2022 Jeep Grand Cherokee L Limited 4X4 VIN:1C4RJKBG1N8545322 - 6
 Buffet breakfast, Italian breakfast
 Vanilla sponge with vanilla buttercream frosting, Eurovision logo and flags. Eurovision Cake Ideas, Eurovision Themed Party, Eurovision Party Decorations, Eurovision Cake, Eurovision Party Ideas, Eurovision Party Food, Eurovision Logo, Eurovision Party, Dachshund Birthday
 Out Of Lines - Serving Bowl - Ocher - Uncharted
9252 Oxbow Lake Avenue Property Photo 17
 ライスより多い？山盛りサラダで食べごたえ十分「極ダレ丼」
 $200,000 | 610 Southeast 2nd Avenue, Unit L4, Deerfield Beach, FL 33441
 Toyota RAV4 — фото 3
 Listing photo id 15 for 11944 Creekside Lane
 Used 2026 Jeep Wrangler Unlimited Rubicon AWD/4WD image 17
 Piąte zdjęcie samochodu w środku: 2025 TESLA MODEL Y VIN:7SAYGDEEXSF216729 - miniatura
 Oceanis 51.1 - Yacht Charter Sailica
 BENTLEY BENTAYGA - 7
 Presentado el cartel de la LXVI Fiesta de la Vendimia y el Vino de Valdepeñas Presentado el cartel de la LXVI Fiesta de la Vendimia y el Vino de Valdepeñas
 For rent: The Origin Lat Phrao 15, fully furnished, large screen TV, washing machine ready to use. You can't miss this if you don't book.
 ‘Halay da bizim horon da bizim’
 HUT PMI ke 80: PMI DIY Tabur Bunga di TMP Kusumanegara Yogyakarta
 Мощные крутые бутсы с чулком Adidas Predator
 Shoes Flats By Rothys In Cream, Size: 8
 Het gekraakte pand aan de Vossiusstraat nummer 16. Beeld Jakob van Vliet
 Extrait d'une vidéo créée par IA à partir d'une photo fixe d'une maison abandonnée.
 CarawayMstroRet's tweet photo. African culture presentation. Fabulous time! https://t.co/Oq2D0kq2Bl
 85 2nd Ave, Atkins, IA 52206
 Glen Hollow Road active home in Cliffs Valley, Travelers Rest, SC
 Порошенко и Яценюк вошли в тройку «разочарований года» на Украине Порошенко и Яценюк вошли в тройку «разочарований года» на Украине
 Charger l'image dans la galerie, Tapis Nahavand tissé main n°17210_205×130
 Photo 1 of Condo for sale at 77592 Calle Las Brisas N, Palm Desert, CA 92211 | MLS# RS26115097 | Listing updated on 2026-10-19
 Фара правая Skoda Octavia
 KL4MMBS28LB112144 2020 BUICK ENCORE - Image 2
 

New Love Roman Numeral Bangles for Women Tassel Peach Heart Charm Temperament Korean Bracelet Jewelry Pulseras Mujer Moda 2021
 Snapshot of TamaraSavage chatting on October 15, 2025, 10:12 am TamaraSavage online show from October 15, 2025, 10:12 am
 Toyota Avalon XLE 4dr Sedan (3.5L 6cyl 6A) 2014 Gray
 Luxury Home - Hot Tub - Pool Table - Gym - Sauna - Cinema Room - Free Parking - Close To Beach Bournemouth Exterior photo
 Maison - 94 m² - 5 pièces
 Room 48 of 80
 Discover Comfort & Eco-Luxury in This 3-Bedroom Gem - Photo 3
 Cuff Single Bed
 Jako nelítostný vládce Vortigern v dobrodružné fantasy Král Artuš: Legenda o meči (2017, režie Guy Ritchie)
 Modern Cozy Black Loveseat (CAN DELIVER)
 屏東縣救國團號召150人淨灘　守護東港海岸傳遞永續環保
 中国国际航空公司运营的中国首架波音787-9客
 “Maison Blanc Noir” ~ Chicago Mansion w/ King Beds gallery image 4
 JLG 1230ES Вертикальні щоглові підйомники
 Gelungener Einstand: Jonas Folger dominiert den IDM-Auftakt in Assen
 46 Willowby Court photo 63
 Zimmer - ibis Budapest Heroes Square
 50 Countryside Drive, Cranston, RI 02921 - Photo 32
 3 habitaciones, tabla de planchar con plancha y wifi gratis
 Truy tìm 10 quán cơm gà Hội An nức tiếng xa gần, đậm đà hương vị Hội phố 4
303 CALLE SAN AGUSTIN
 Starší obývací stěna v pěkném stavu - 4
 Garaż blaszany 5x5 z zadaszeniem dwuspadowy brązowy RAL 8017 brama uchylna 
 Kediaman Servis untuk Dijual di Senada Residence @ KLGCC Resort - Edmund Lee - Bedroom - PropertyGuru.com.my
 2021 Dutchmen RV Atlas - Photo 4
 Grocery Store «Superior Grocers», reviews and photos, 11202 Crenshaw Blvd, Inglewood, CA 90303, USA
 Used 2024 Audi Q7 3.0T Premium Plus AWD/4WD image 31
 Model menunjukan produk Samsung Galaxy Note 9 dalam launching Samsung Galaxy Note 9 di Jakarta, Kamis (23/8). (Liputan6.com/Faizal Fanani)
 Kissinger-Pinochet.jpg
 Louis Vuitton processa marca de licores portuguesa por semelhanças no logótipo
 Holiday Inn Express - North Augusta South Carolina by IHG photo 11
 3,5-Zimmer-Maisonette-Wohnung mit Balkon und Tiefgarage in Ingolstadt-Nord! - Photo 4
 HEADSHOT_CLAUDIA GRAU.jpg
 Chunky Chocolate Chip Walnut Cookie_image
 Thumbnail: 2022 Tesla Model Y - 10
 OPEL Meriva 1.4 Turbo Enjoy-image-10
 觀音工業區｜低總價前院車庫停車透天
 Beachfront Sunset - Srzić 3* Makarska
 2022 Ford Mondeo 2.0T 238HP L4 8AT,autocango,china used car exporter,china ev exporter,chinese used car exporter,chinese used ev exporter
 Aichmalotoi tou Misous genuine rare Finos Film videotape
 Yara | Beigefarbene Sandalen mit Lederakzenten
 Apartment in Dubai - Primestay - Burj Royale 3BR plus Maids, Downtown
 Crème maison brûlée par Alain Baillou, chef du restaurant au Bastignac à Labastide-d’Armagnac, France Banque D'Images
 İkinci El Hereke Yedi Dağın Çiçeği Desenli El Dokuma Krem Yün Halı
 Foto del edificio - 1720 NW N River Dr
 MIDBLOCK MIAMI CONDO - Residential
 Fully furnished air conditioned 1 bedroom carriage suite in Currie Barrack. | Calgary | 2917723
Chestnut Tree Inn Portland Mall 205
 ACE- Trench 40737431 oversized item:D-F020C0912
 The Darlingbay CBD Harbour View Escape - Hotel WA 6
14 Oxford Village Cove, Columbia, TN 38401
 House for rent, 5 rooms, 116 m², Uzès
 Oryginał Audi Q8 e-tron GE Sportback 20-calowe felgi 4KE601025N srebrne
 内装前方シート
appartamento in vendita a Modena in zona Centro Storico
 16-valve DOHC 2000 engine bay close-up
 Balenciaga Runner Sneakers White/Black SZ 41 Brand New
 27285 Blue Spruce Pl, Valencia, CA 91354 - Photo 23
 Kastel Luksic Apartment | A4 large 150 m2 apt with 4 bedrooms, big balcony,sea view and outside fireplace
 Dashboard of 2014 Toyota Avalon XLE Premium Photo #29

• Work order: Check each line above for the word "rent". Then state how many lines contain it, and nothing more.

• Your response: 2